[Data excerpts]
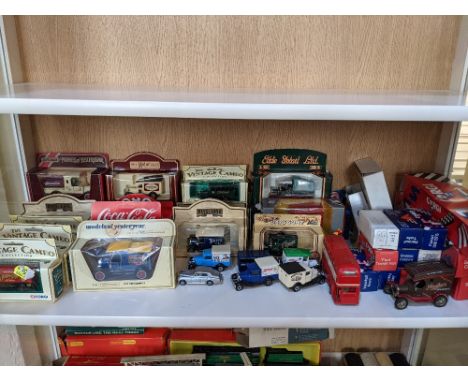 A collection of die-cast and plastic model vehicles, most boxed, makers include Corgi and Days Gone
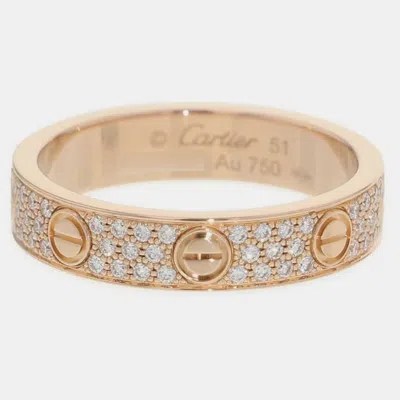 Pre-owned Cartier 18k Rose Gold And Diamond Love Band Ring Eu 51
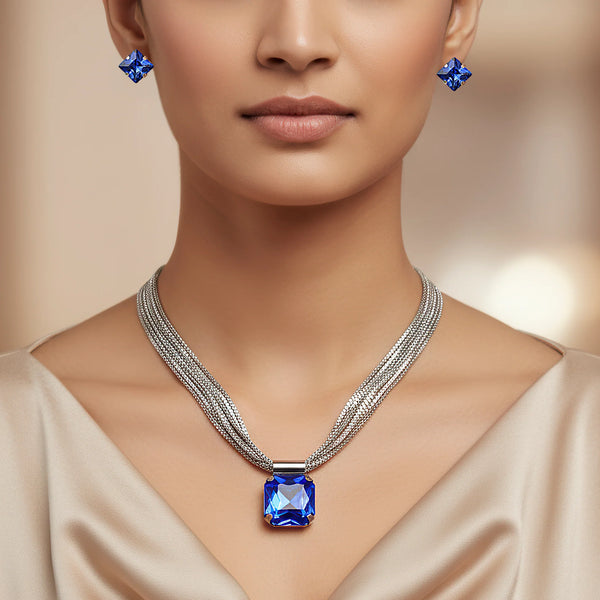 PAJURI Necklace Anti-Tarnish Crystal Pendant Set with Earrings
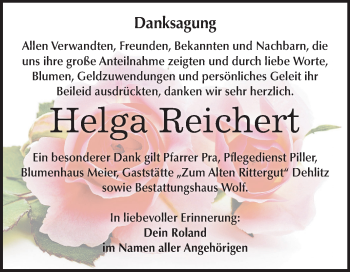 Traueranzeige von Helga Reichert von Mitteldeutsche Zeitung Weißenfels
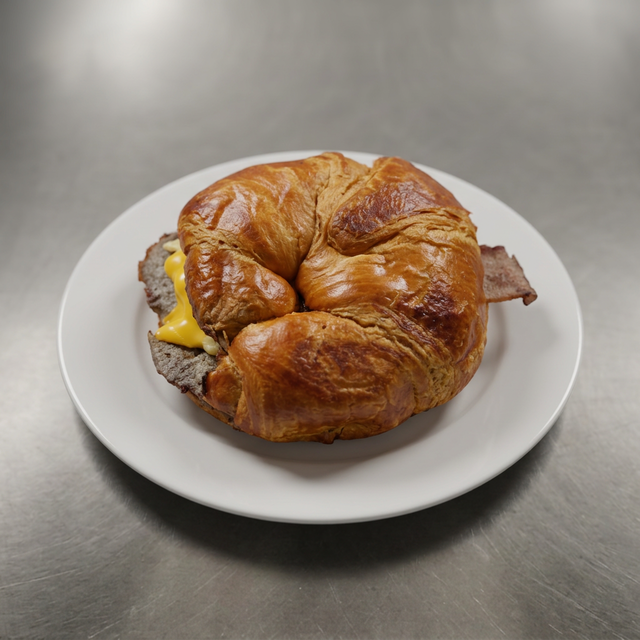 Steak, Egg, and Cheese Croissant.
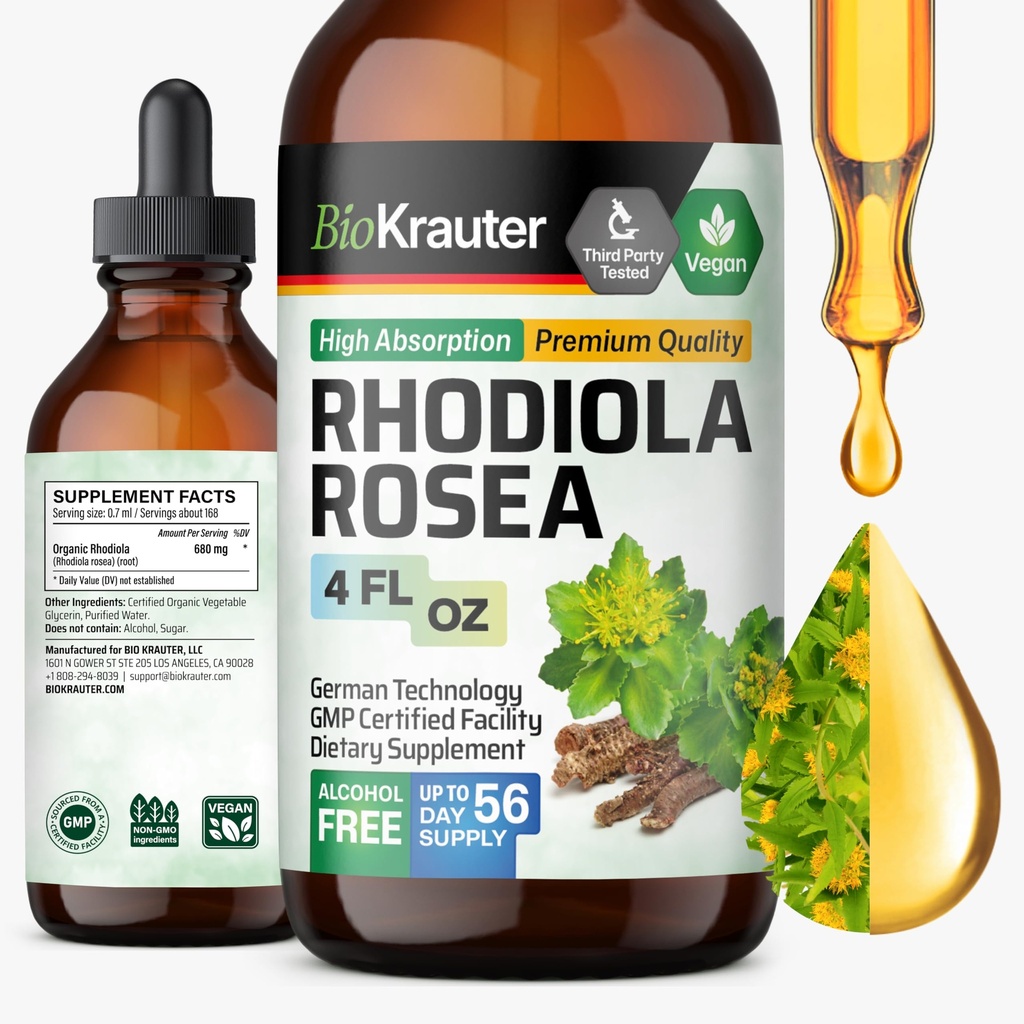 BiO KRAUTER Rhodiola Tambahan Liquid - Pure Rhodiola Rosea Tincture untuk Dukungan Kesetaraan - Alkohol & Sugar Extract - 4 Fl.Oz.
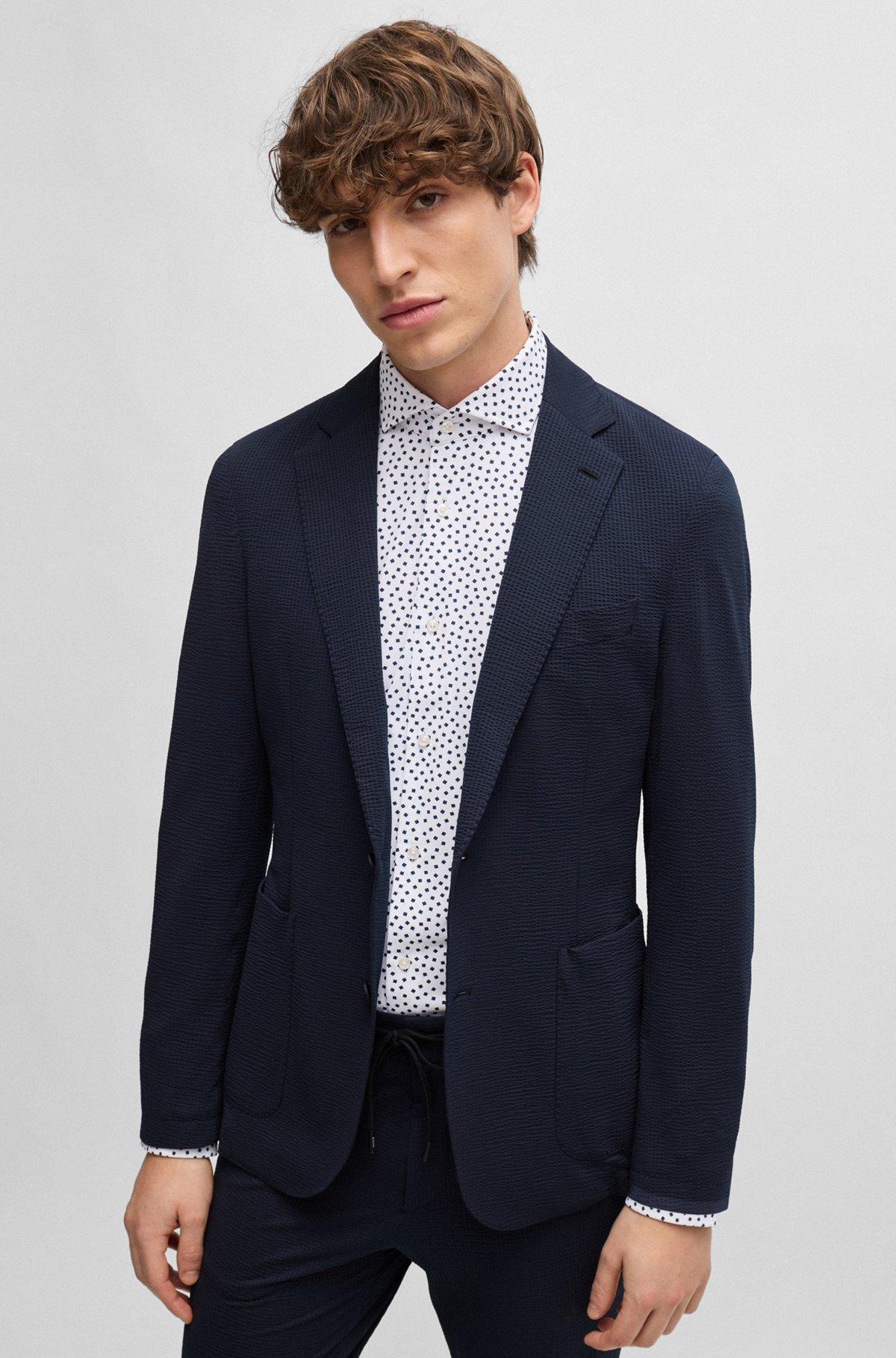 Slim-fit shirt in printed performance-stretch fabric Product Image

* * *

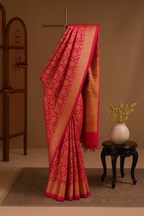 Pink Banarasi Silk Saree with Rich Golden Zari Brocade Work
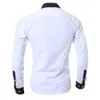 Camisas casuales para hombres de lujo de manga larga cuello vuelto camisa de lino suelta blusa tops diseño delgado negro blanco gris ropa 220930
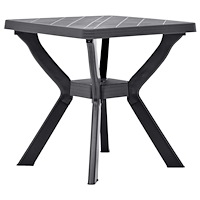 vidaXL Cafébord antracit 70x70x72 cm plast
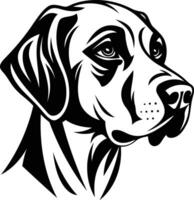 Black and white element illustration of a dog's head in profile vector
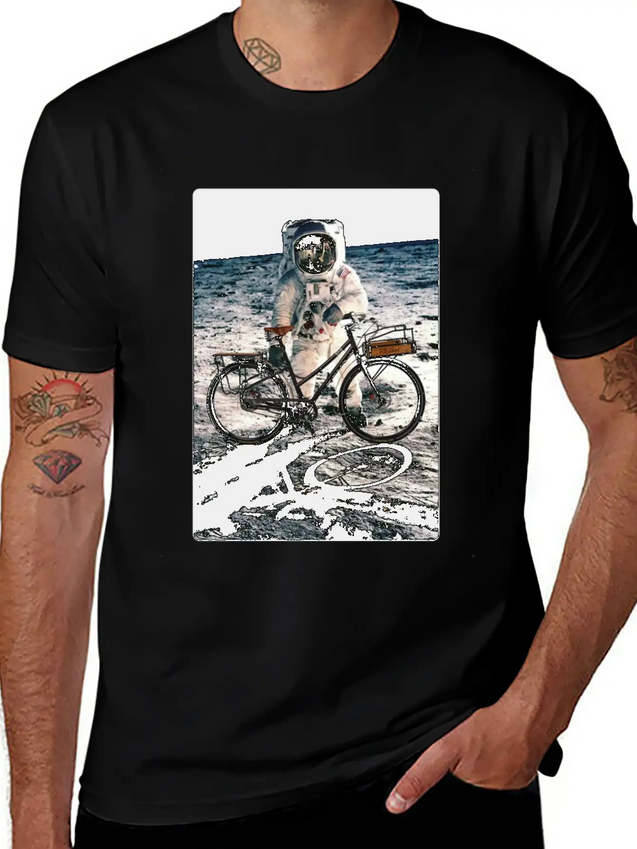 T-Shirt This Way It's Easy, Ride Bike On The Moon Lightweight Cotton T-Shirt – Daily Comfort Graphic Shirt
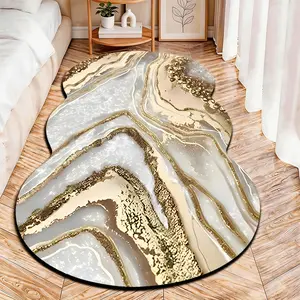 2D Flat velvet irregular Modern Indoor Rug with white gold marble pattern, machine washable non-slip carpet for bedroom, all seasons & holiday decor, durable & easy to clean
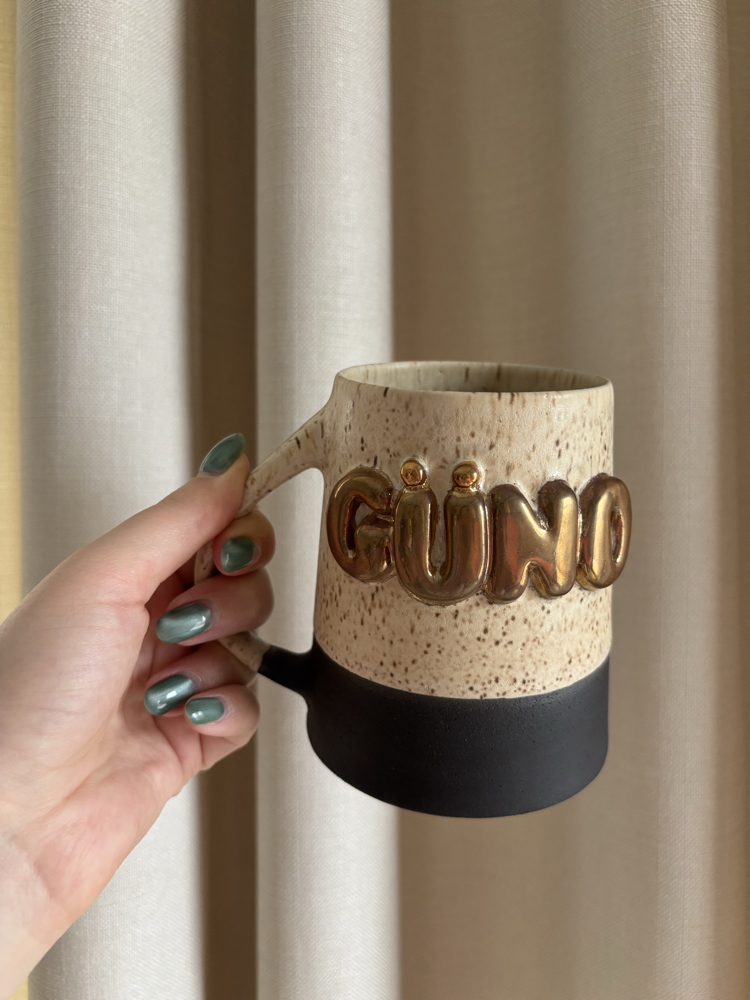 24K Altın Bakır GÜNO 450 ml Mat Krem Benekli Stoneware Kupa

▶ _EXERCISE GOAL_
Above are the records. Copy only the lines from the one with "Steak, Egg, and Cheese Croissant." through the one with "Slim-fit shirt in", exactly, with no pictures.

▶ _RESULT BELOW_
 Steak, Egg, and Cheese Croissant.
 BiO KRAUTER Rhodiola Tambahan Liquid - Pure Rhodiola Rosea Tincture untuk Dukungan Kesetaraan - Alkohol & Sugar Extract - 4 Fl.Oz.
 Slim-fit shirt in printed performance-stretch fabric Product Image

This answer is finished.